_TASK BRIEF_
Each line below from the one containing "Cunk on Christmas" through the one containing "Wohnung mieten in 1210 Wien" is to be given again exactly, and no line outside that span.

_SUPPLIED RECORDS_
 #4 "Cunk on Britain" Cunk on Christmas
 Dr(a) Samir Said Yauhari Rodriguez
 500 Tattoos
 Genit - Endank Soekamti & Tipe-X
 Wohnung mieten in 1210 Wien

==

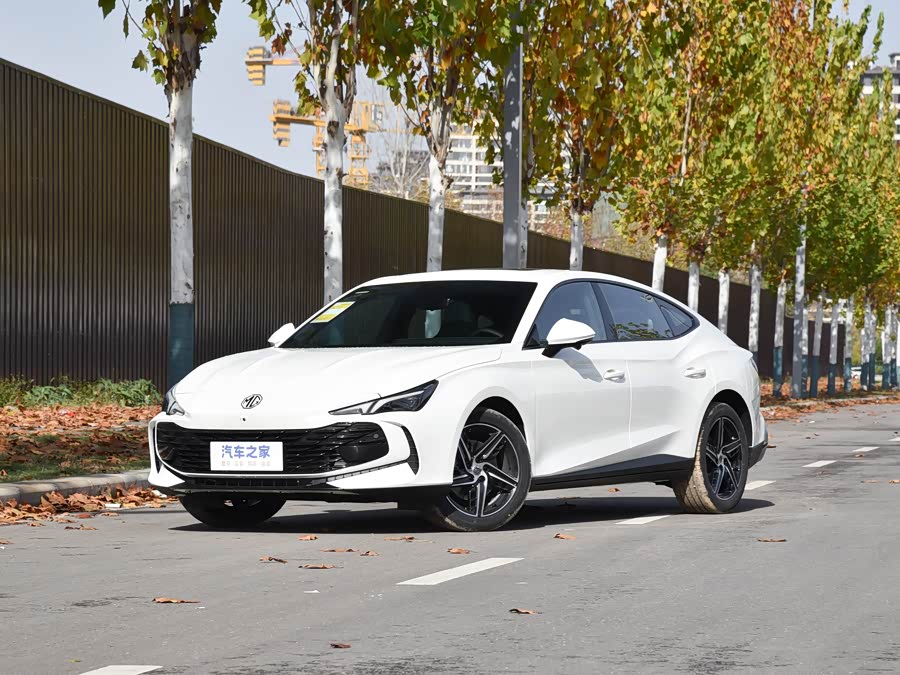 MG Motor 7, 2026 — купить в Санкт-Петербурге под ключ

_EXERCISE RESULT_
 #4 "Cunk on Britain" Cunk on Christmas
 Dr(a) Samir Said Yauhari Rodriguez
 500 Tattoos
 Genit - Endank Soekamti & Tipe-X
 Wohnung mieten in 1210 Wien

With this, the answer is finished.